The pace of hiring picked up
again in April and the unemployment rate fell to the lowest level in nearly a
decade, evidence the U.S. economy is poised for a spring rebound after a
lackluster start to the year.
Nonfarm payrolls rose by a
seasonally adjusted 211,000 in April from the prior month, the Labor
Department said Friday. The unemployment rate for April edged down to 4.4% from
the prior month’s 4.5% reading.
The unemployment rate hasn’t been
this low since May 2007 and that matched the lowest rate of any point during
the prior expansion.
Monthly payroll growth has
averaged 185,000 so far this year, nearly matching its pace of growth in 2016.
“This is an unambiguously strong
economic report and suggests that consumers will have the wherewithal to
increase spending in the second quarter,” said David Berson, economist at
Nationwide Mutual Insurance Co.
The low jobless rate means the
Federal Reserve is likely to raise its benchmark short-term interest rate when
officials next gather in June, and then again likely in September, and that the
Fed could start winding down its bond portfolio later this year.
A low rate tends to mean upward
pressure is building on wages and inflation. Still, it comes with a caveat: A
smaller share of Americans are participating in the labor force this year,
compared with a decade ago, partly a result of retiring baby boomers.
The economy has added better than
200,000 jobs in three of the past four months. The exception was March.
Employers added a downwardly revised 79,000 jobs that month, compared with an
initial estimate of a 98,000 increase.
Strong hiring supports the
projection that economic growth is accelerating this spring. Many
economic forecasters expect the annual growth rate in gross domestic product to
accelerate to better than 3% for the April through June period, from the modest
0.7% pace of the first quarter. The Federal Reserve and other economists
project overall growth in 2017 to settle near 2%, its pace for most of this
expansion.
Average hourly earnings for
private-sector workers rose 2.5% in April compared with a year earlier. Annual
wage gains firmed most of last year, reflecting increased competition for
workers. But the pace of raises slowed since December’s 2.9% increase, the
strongest gain since June 2009.
That softening of wage growth
could prove temporary, if employers start to struggle to find qualified
workers.
“The labor market is very tight
and increases the chance of an acceleration in wage inflation in the near
term,” said Mickey Levy, economist at Berenberg Capital Markets.

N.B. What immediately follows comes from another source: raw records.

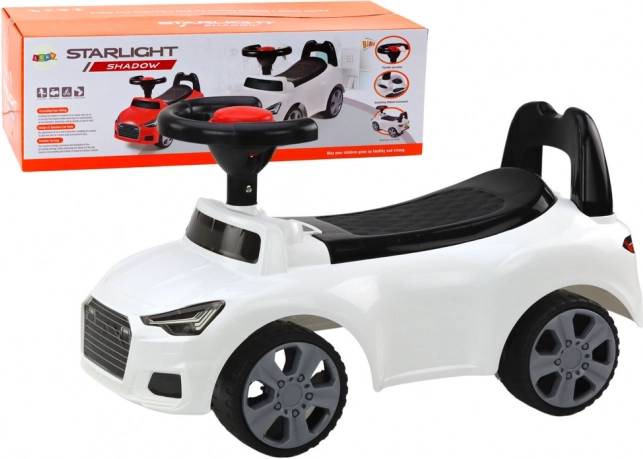 Odrážedlo auto s opěrkou a klaksonem – bílé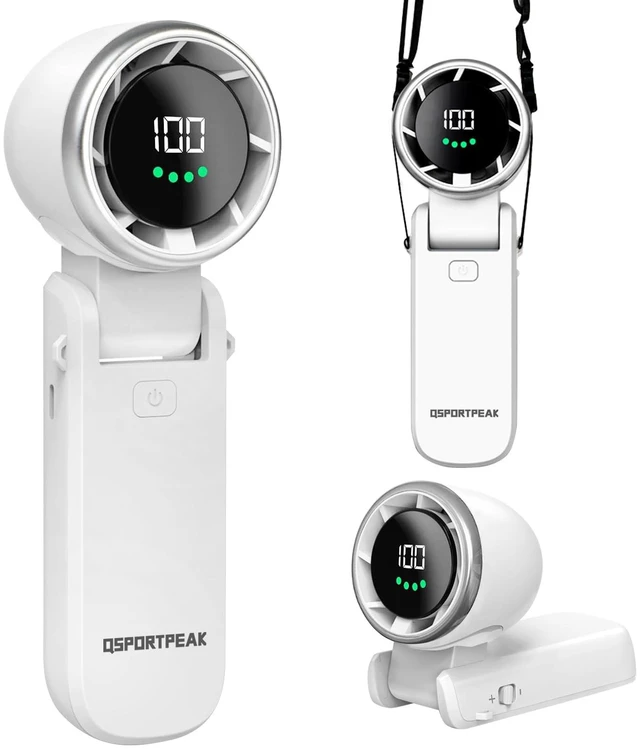 Main image of Portable Handheld Turbo Fan, Stepless 100 Gear Wind,4000mAh Rechargeable,Up to 12 Working Hours,3 IN 1 Hand /Desk/Neck Fan with Air Turbo Tech Cooling Fan for Outdoor Activities,Travel,Working-White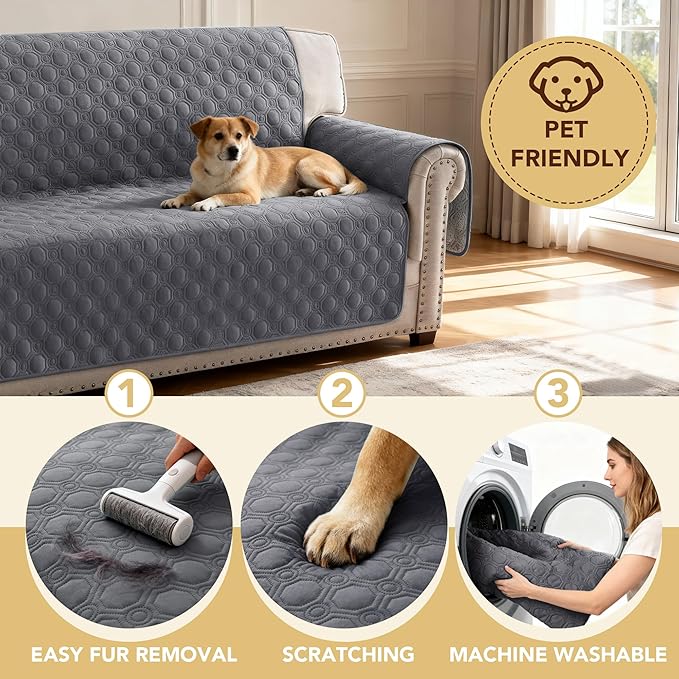 H.VERSAILTEX 100% Waterproof Couch Covers for 3 Cushion Couch Triple Non-Slip Sofa Cover with Storage Pocket Washable Couch Protector for Dogs(Sofa, Grey)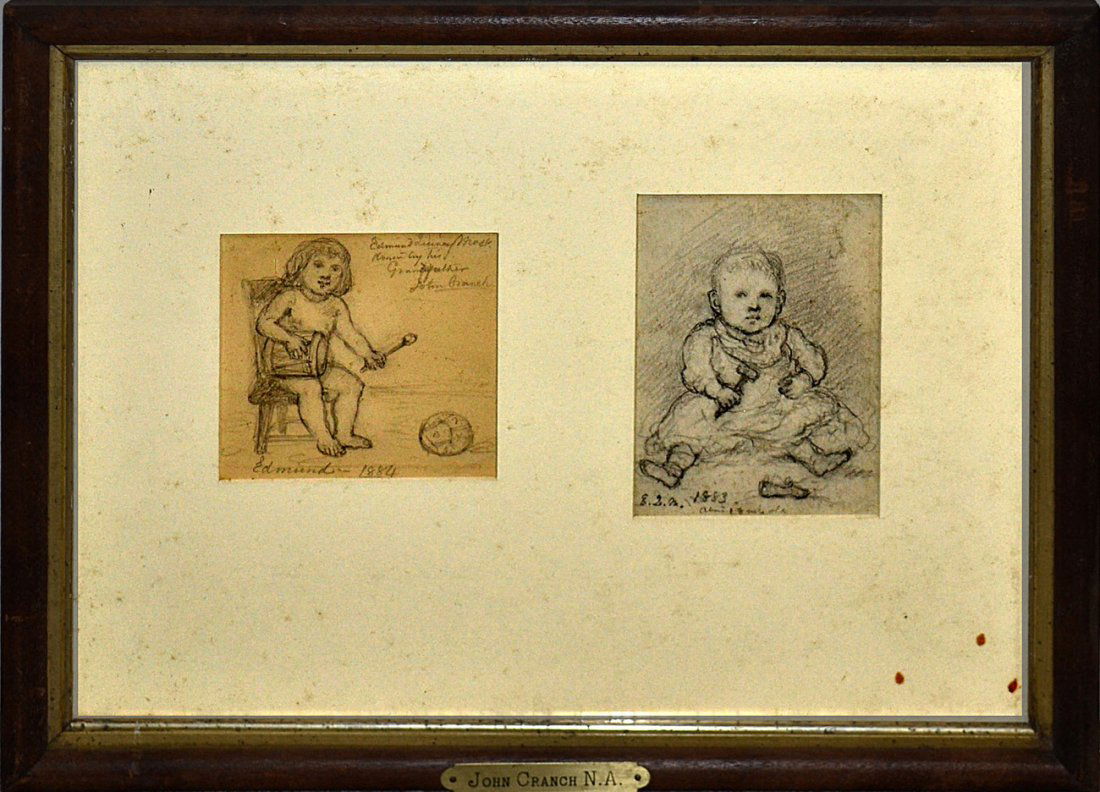 John Cranch, Two Sketches of Edmund Quincy: Two pencil drawings matted and framed together under glass depicting the artist's grandson. 4" x 4", and 5 1/4" x 3 1/2". One bear Cranch's signed inscription. Age toning.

The U.S. labor market has been
one of the brightest spots in a long recovery marked by slow economic growth.
Payrolls this year have expanded similarly to the strong rate recorded since
2011. Those gains have come despite historically soft economic growth of near a
2% annual rate.
To support better economic
growth, especially when productivity gains have been weak, employers need to
draw more workers into the labor force.
That could become a challenge
because the share of Americans working or seeking work has generally declined
the past 15 years, in part reflecting the aging of the U.S. population.
The labor-force participation
rate in April ticked down to 62.9% from 63% in March. The rate has mostly
steadied over the past year, which could reflect, at a minimum, a slower flow
of workers leaving the labor force.
An alternative measure of
unemployment and underemployment, which includes those who have stopped looking
and those in part-time jobs who want full-time positions, was 8.6% in April,
versus 8.9% the prior month. It was the lowest level since late 2007.
The rate, designated U-6,
averaged 8.3% in the two years before the recession.
April job gains were fairly
broad-based with strong hiring in professional and business services, health
care and leisure and hospitality.
Retailers added jobs in April
after two monthly declines. Employment at all levels of government rose by
17,000.
More broadly, the U.S. labor
market has added jobs every month since October 2010, a long stretch that has
slowly repaired much of the damage from the Great Recession and allowed the Fed
to start raising short-term interest rates from near zero.
Central-bank officials this week
held short-term interest rates steady, but indicated two more increases could
occur later this year.
“The labor market has continued
to strengthen even as growth in economic activity slowed,” Fed officials said
in their post-meeting statement.
A low unemployment rate could
give the central bank leeway to tighten monetary policy further.